======== SUPPLIED DATA ========

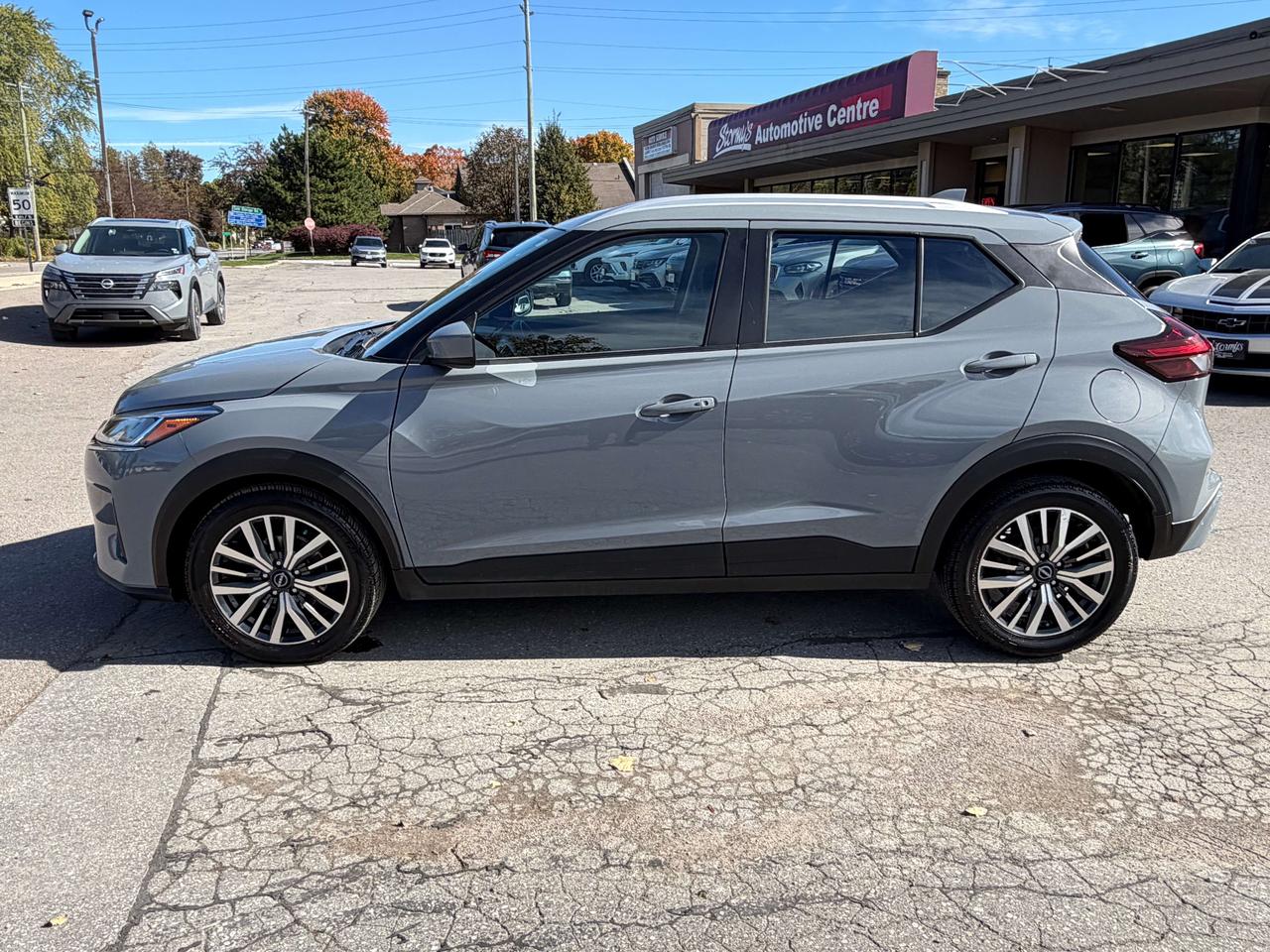 2024 Nissan Kicks SV/AWD/HEATED SEATS/BACK UP CAM/CALL PICTON Photo
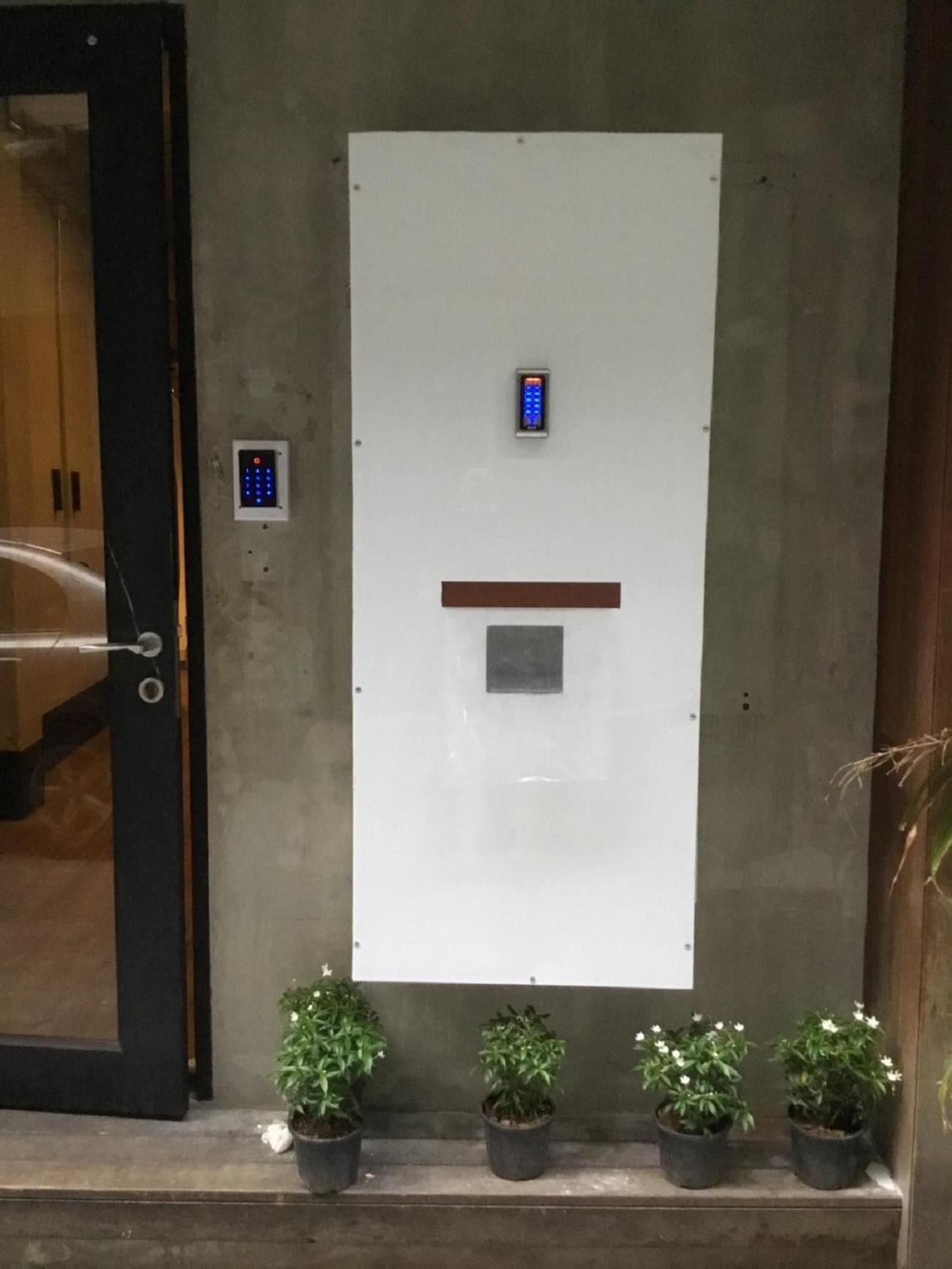 Go Inn Silom Road -Bts Saint Louis Bangkok Exterior photo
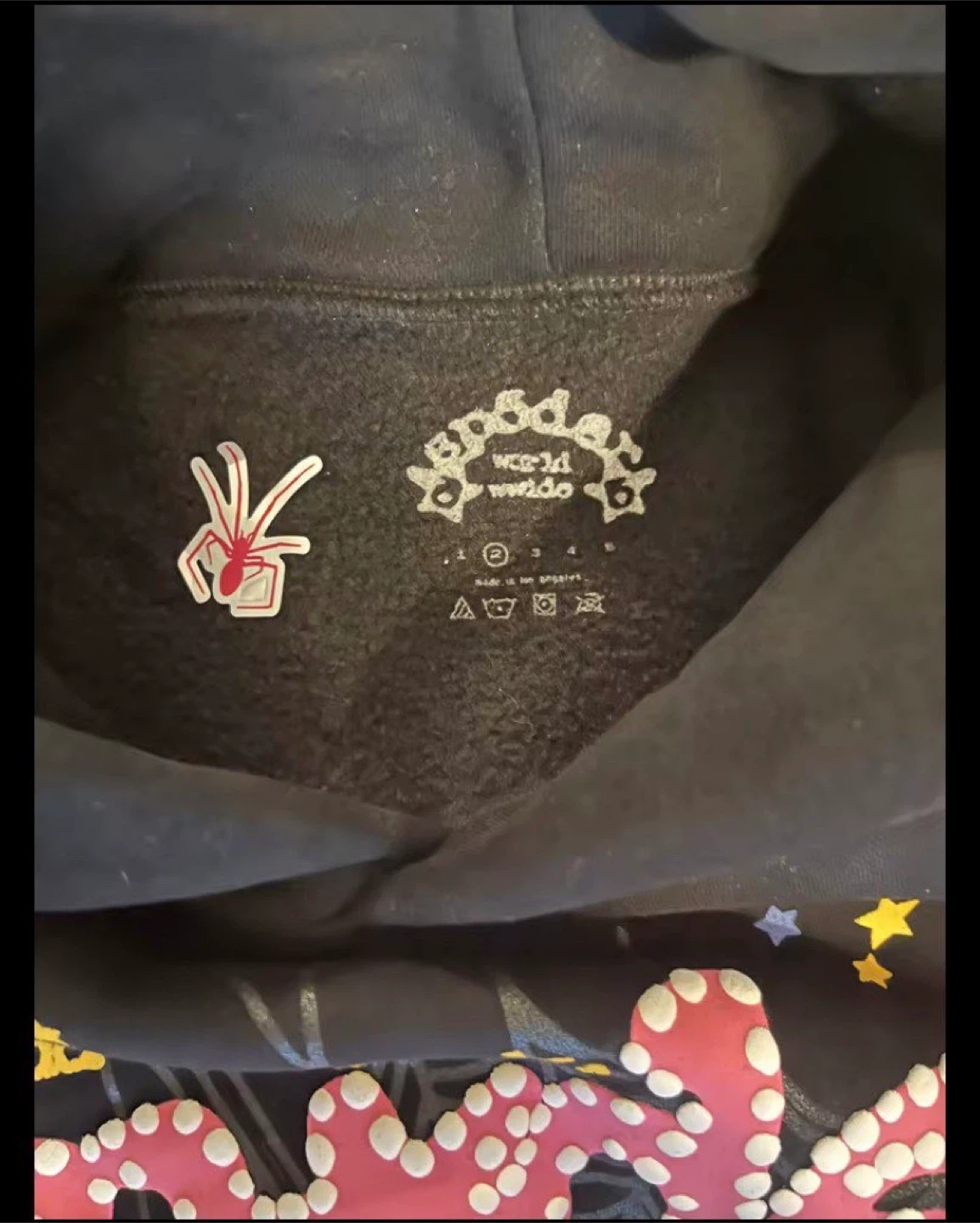 Sp5der Hoodie pre order! - photo 5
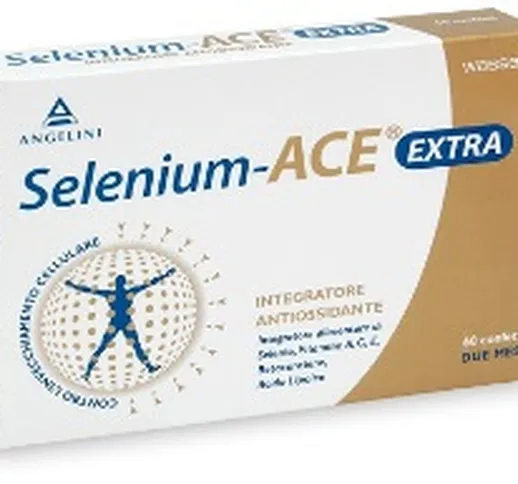 SELENIUM ACE EXTRA 90 CONFETTI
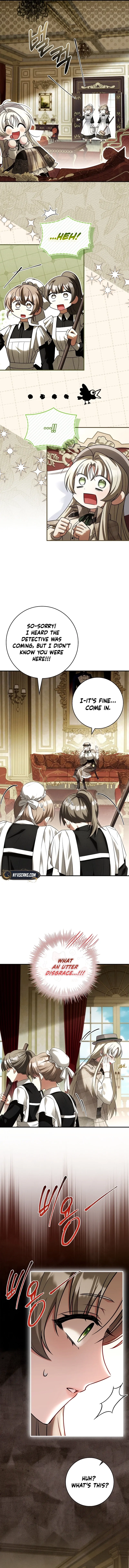 Thriving Agency for Regretful Male Leads in Full Operation! Chapter 2 Page 13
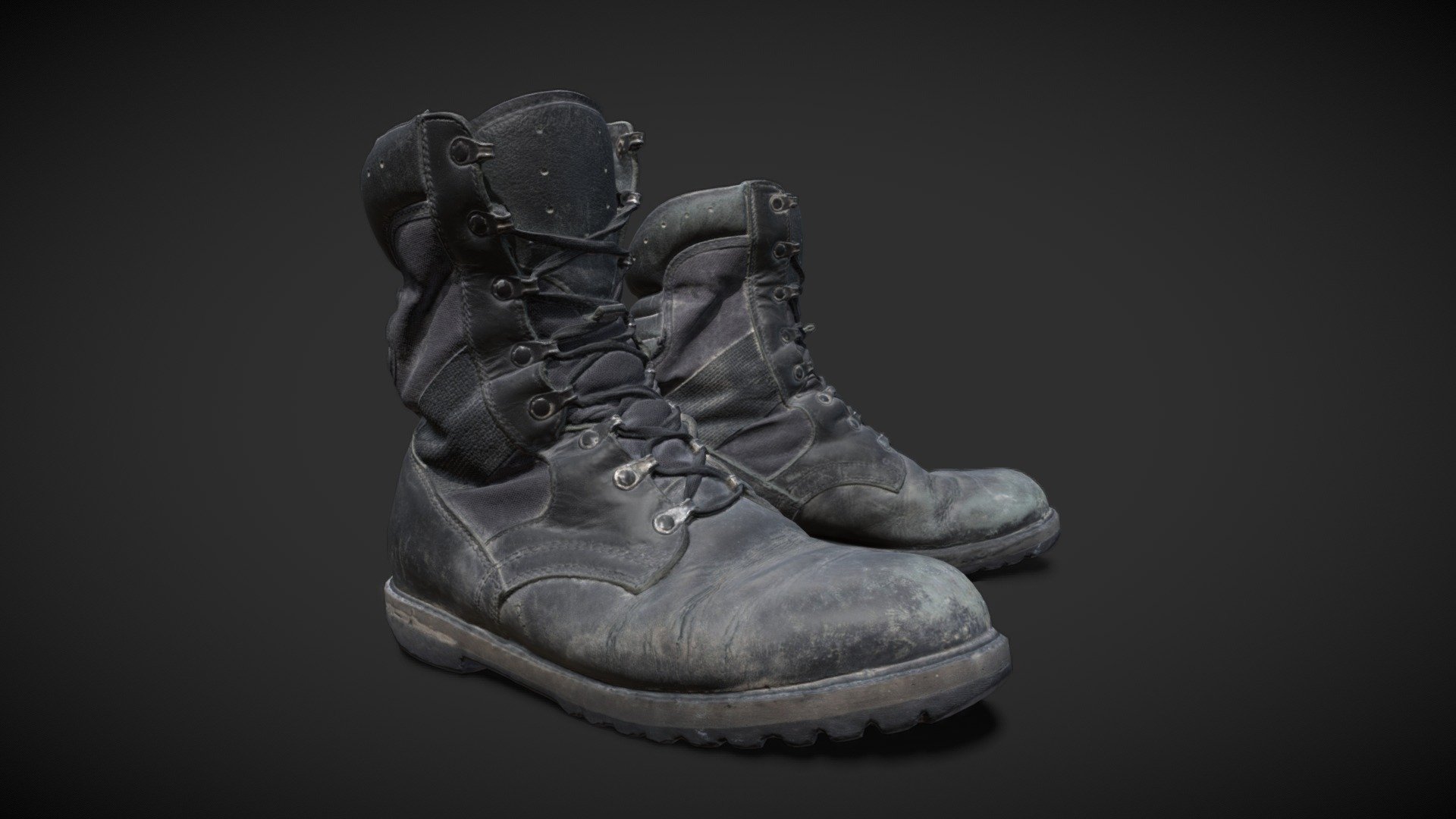 Model created as manual retopology exercise, using polybuild tool in Blender. Original model made using photogrammetry in Agisoft Metashape. Textures baked and made in Substance Painter 3d model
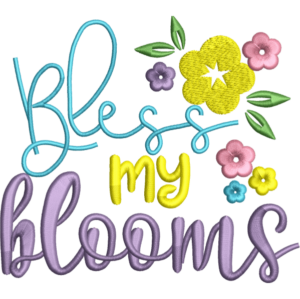 Bless My Blooms Design
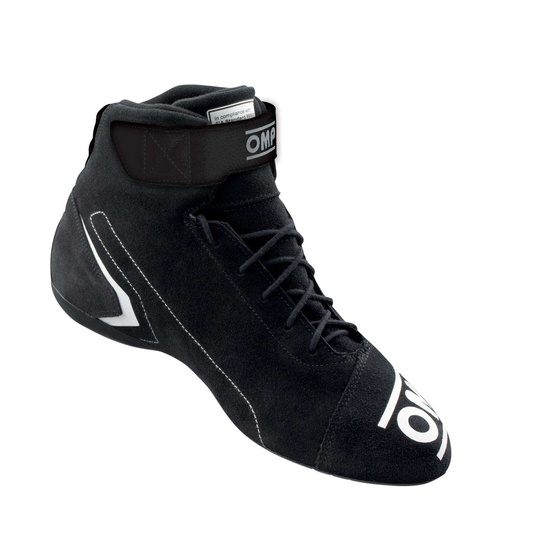 OMP Schuhe First MY21 schwarz (FIA)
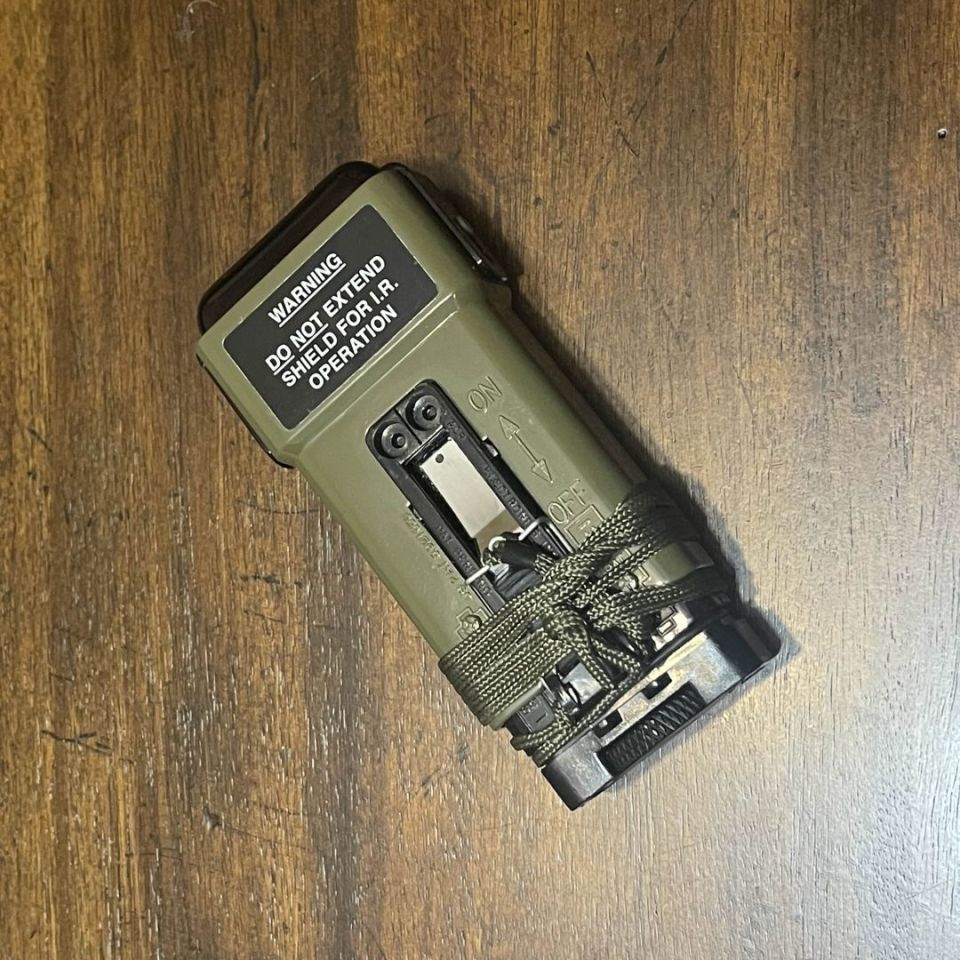 Post 1 - WTS NOS MS-2000M IR Strobe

========

Once the pictures are set aside, write out each record exactly.

ANSWER BOX:
 2024 Nissan Kicks SV/AWD/HEATED SEATS/BACK UP CAM/CALL PICTON Photo
 Go Inn Silom Road -Bts Saint Louis Bangkok Exterior photo
 Sp5der Hoodie pre order! - photo 5
 SELENIUM ACE EXTRA 90 CONFETTI
 Thriving Agency for Regretful Male Leads in Full Operation! Chapter 2 Page 13
 Model created as manual retopology exercise, using polybuild tool in Blender. Original model made using photogrammetry in Agisoft Metashape. Textures baked and made in Substance Painter 3d model
 Bless My Blooms Design
 OMP Schuhe First MY21 schwarz (FIA)
 Post 1 - WTS NOS MS-2000M IR Strobe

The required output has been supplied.